Even under newer payment models that evolved in response to the known challenges of FFS care, the mode of delivery (cesarean vs vaginal) drives reimbursement for childbirth, financially nudging facilities and clinical practices toward greater use of a cesarean section. Indeed, data from 2010 births show that the total payments for a cesarean birth (prenatal, labor and delivery, postpartum, and newborn care) were substantially higher than payments for vaginal birth, in both private health plans ($27,866 for a cesarean birth vs $18,329 for a vaginal birth) and Medicaid programs ($13,590 vs $9131 for cesarean and vaginal births, respectively). Clearly, the goal of such reimbursement is to compensate facilities and clinicians for the higher acuity of services that are needed to support a surgical birth when it is needed.
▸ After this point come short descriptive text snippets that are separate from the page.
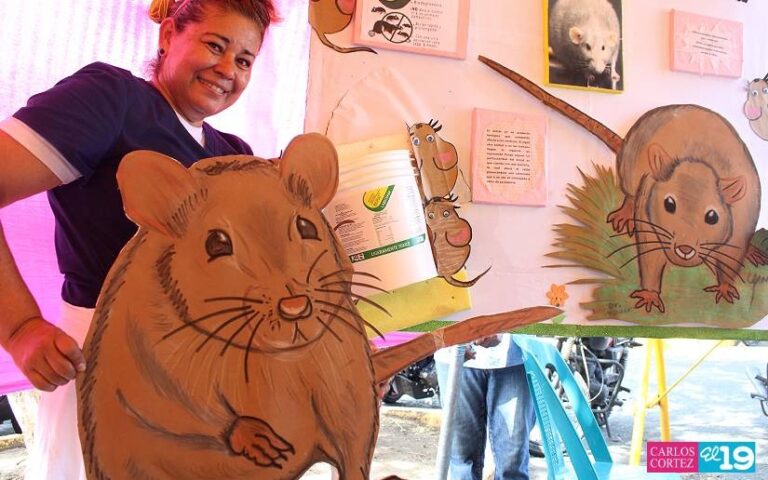 Lanzan Campaña de Prevención de Enfermedades Transmitidas por los Roedores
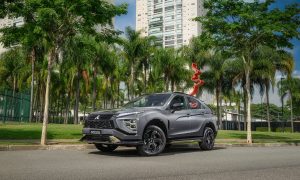 Galeria Seção 3 (3)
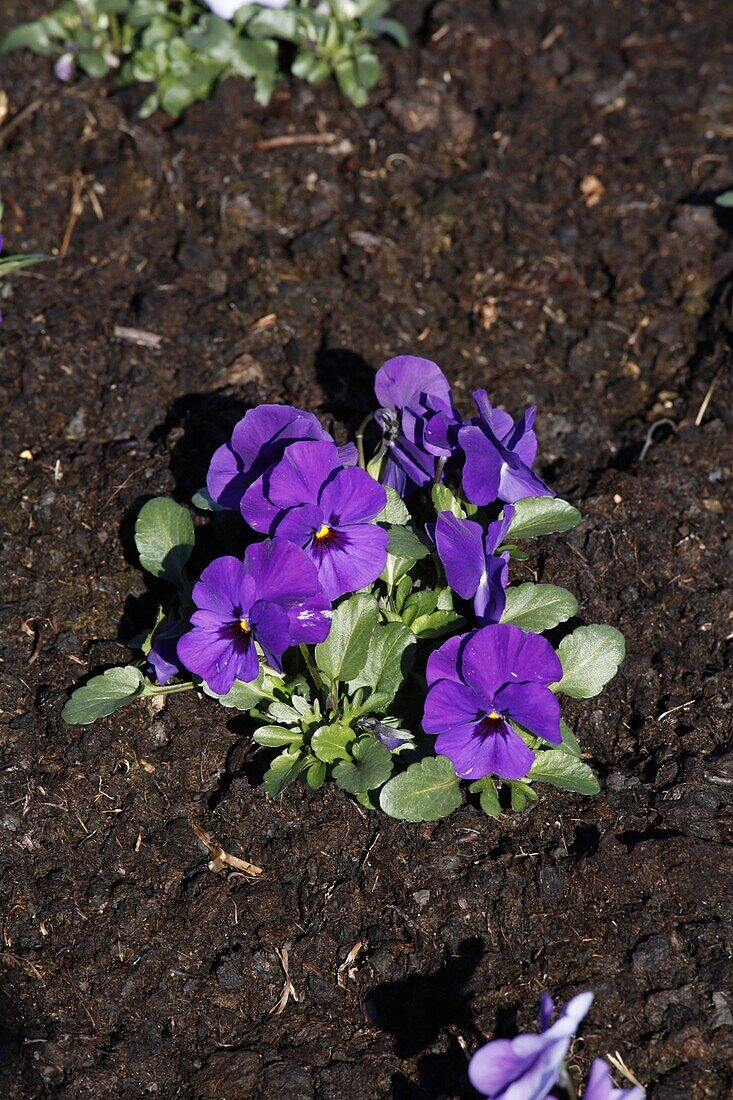 Viola cornuta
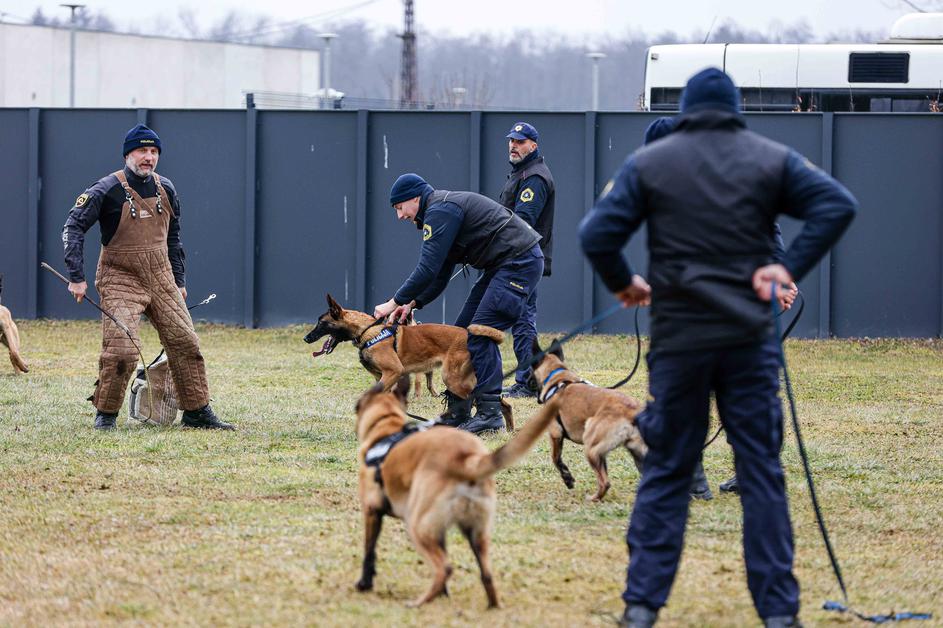 oddelek za šolanje službenih psov Gmajnice, policijski psi, šolanje psov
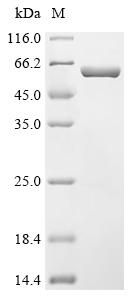 Recombinant Streptococcus pneumoniae Pneumolysin (ply)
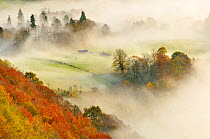 A misty morning over a mixed woodland in autumn,  Kinnoull Hill Woodland Park, Perthshire, Scotland, November 2011. Highly commended in the Wild Woods Category of the British Wildlife Photography Awa...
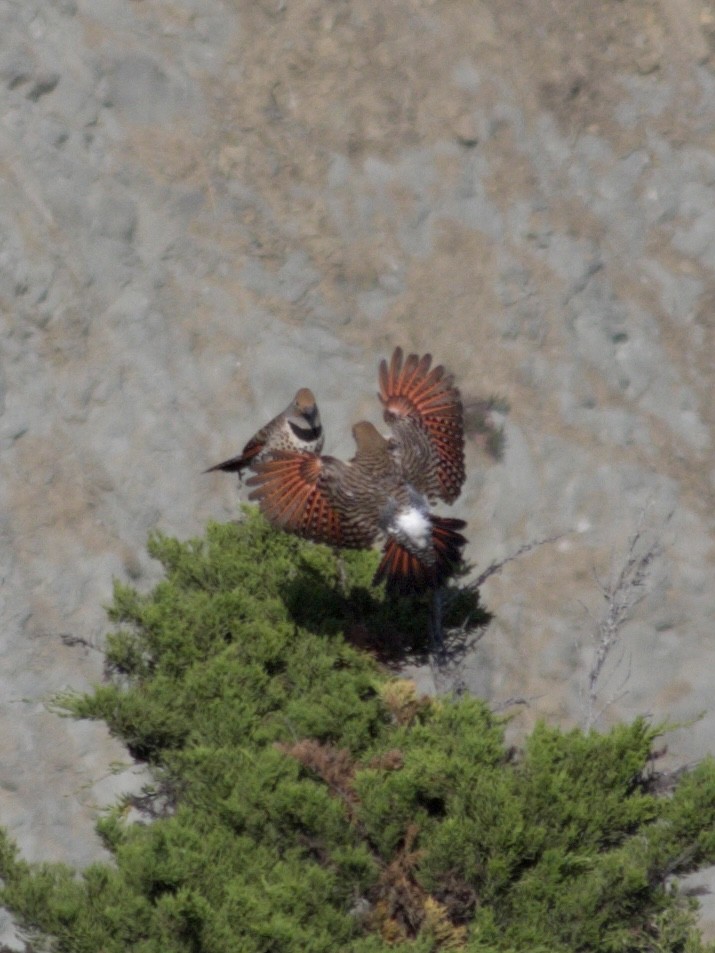 Northern Flicker (Red-shafted) - ML439275351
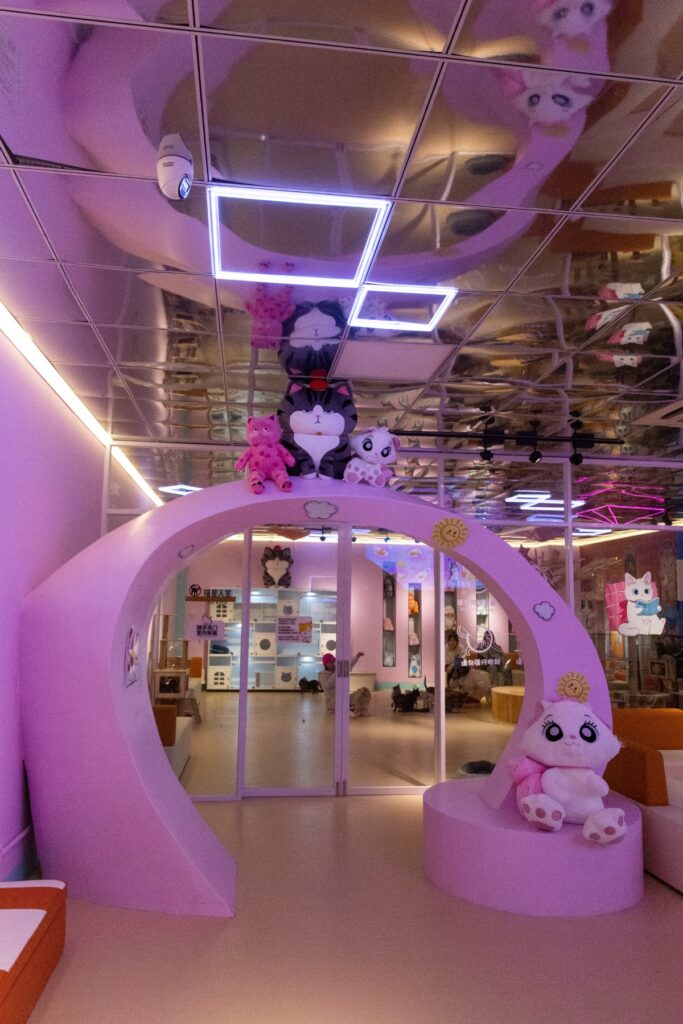 Cat cafe of Blue Zoo Beijing (Gongti Richina Underwater World)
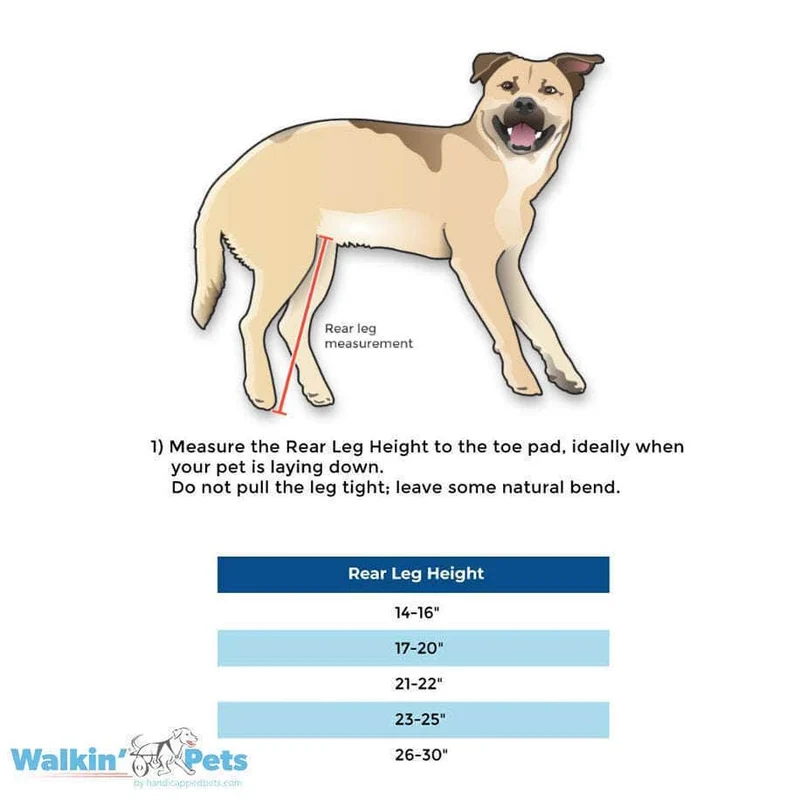 Walkin Wheels® Full Support/4-Wheel LARGE Dog Wheelchair (31 to 82 kg)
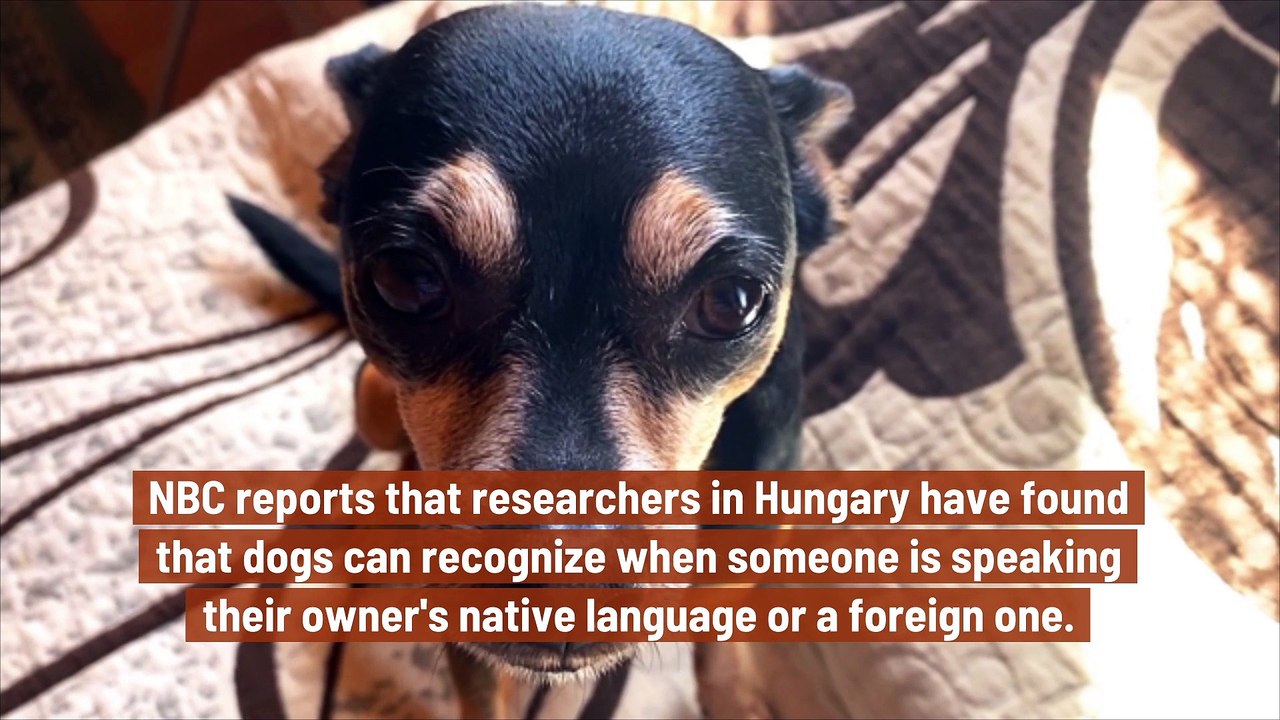 According to a New Research, Dogs Can Distinguish Foreign Languages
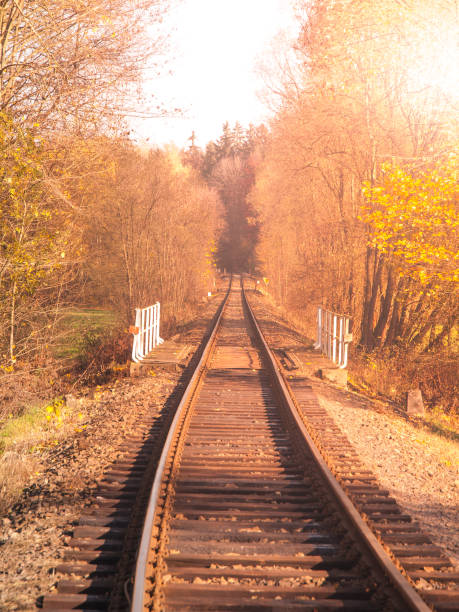 istock Rural railroad track on sunny autumn day 916047334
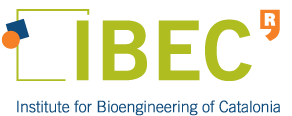 Institute for Bioengineering of Catalonia 로고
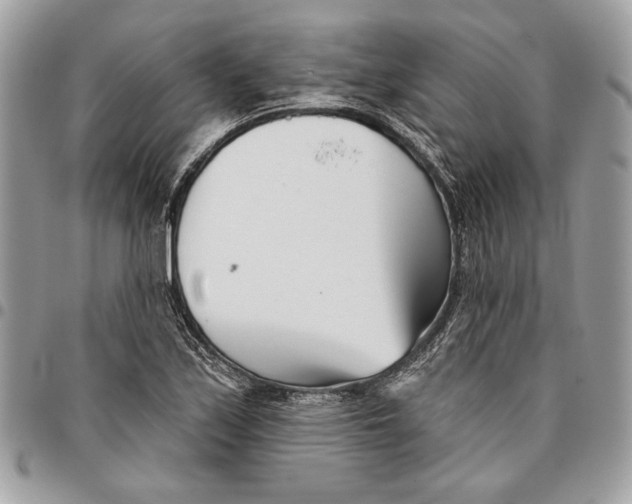 X0000096211171200802081454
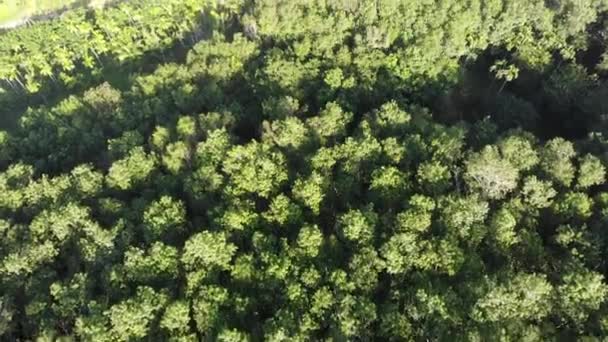 Aerial Footage Beautiful Green Tropical Forest Thailand — Stock Video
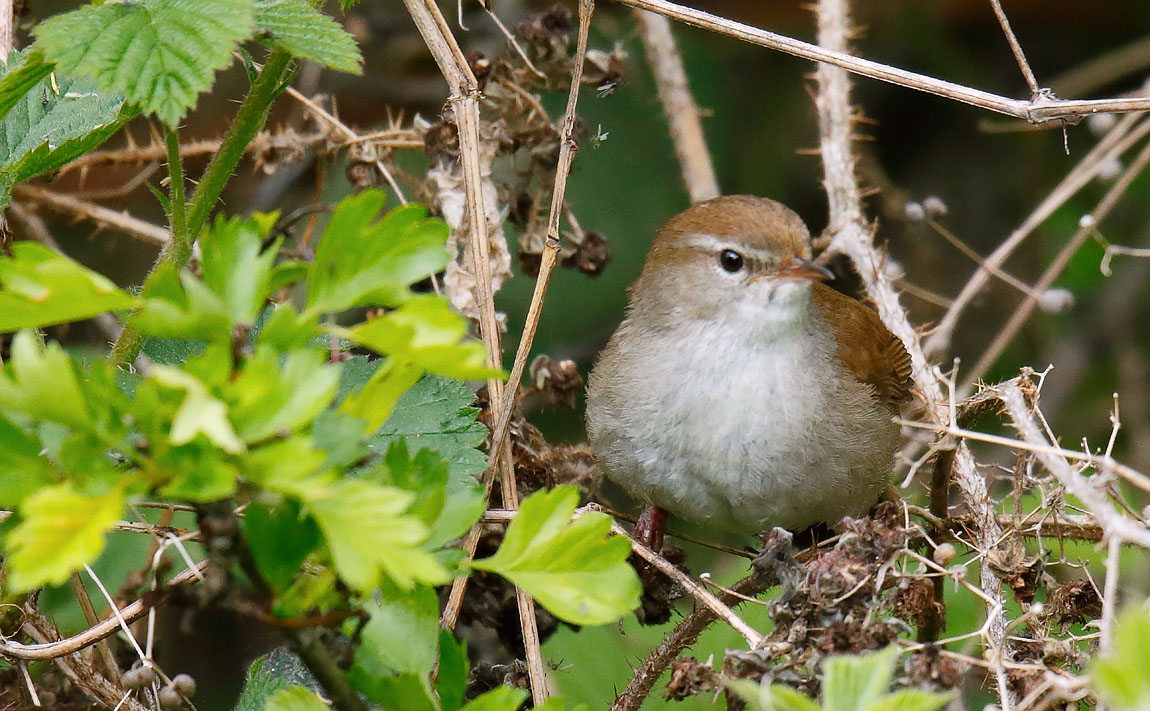 Cetti's Warbler_J4X0961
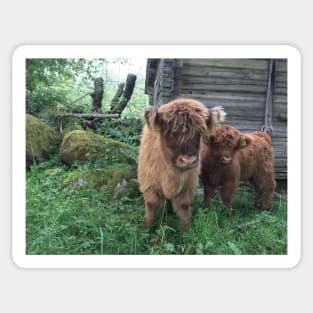 Scottish Highland Cattle Calves 1506 Sticker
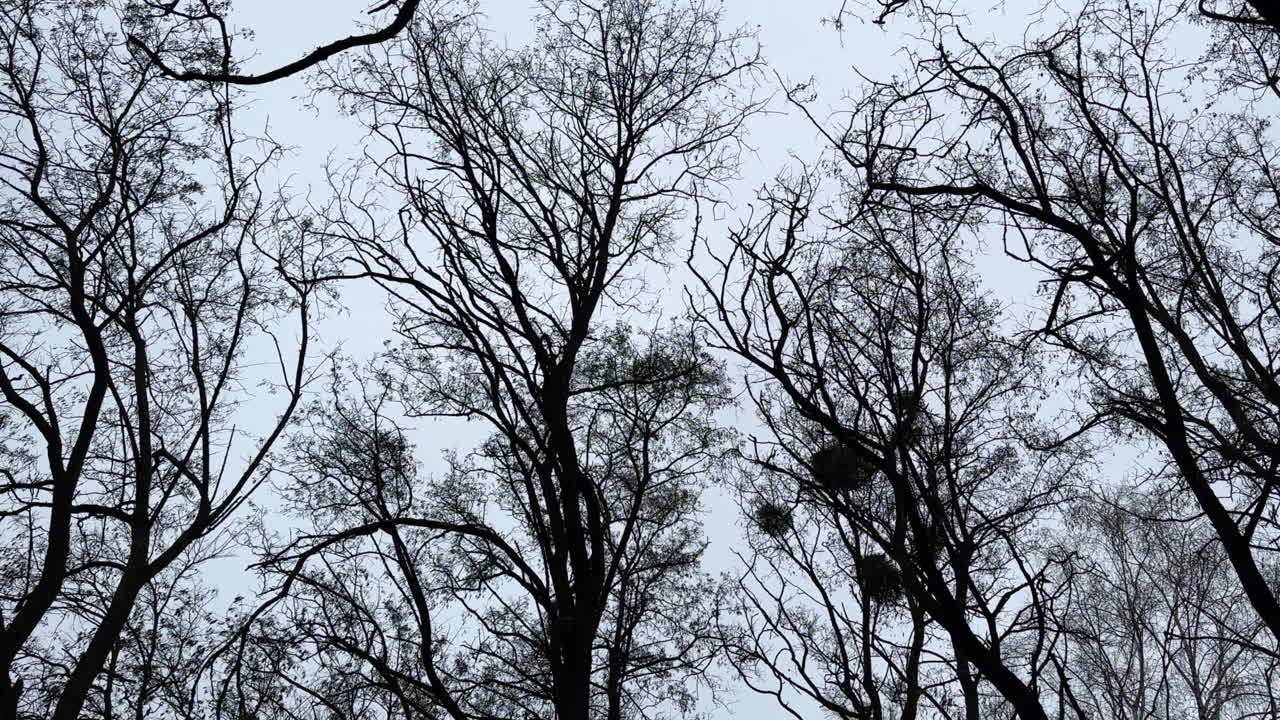 Bare black branches of high trees at backdrop of grey sky. Some mistletoe growing on plants. Low angle view.
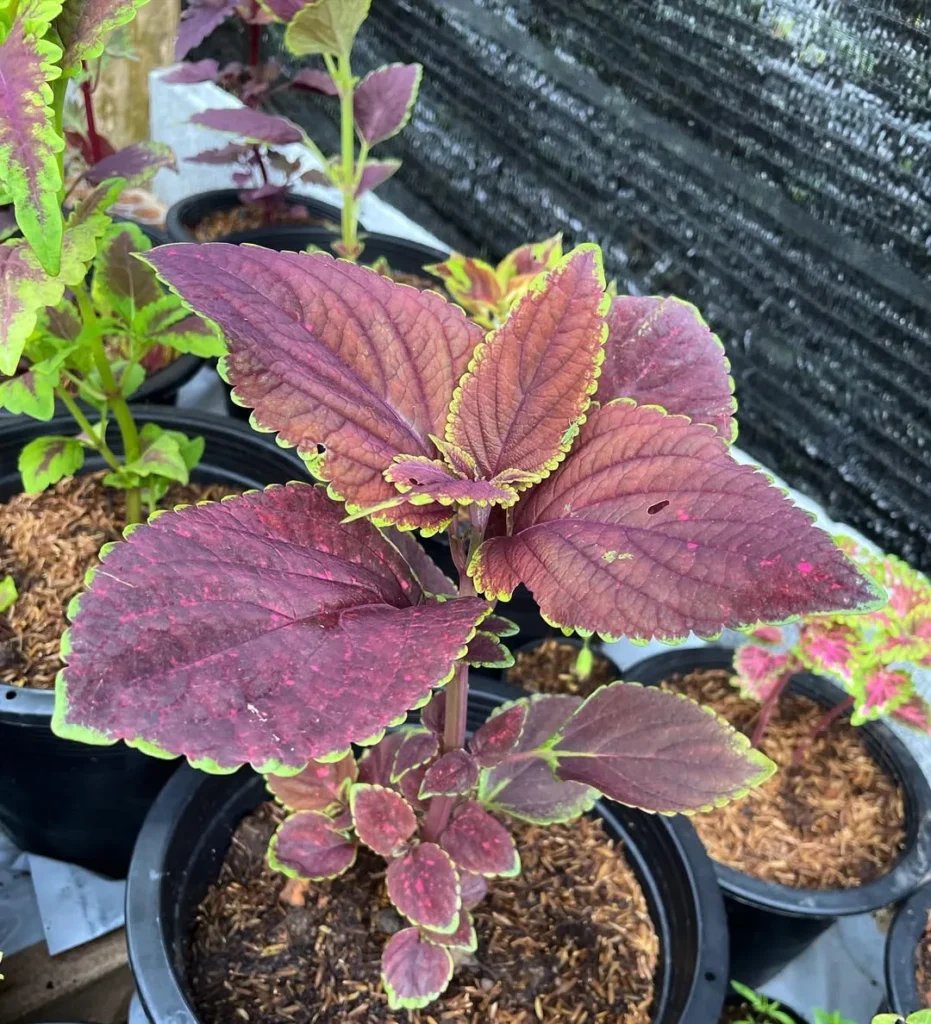 vino coleus plants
To be clear, no clinician I’ve ever met is recommending a cesarean to a patient based solely on potential reimbursement. However, clinicians work in healthcare systems run by administrators who have to pay attention to the bottom line to keep the doors open and the books in the black, and the choices that clinicians and their patients have during labor and delivery is shaped by administrative rules, guidelines, and decisions. So, how can payment systems be changed to align incentives of health care system administrators, clinicians, patients, and families?

It is both possible and necessary to better organize the billions of dollars spent annually on healthcare services related to pregnancy and childbirth. The Blueprint offers multiple recommendations for improving maternity care payment systems, including the following:

  1. Greater use of episode-based payment, which has shown promise in states like Arkansas and healthcare systems like Geisinger.
  2. Better incorporates concepts like the maternity care home into practice by integrated financing of services, following examples set by North Carolina, Texas, Wisconsin, and the Center for Medicare & Medicaid Innovation’s Strong Start program.
  3. Pay for high performing elements of maternity care, such as access to care from midwives, care in freestanding birth centers, and support from doulas.
  4. Implement quality improvement processes that support access to physiologic birth and high accountability for maternal support before, during, and after childbirth, including adoption of metrics based on scientific evidence such as the recent ACOG [American College of Obstetrics and Gynecology] guidelines supporting low-intervention birth and more comprehensive postpartum care.

Other aspects of the Blueprint address crucial factors, without which improvement in maternity care is not possible, including directly and respectfully engaging mothers in this work and addressing racial and geographic inequities that haunt maternal and infant health.

But payment matters. Organizing the financing of healthcare delivery to support improvements in maternal and infant health is possible and urgently necessary.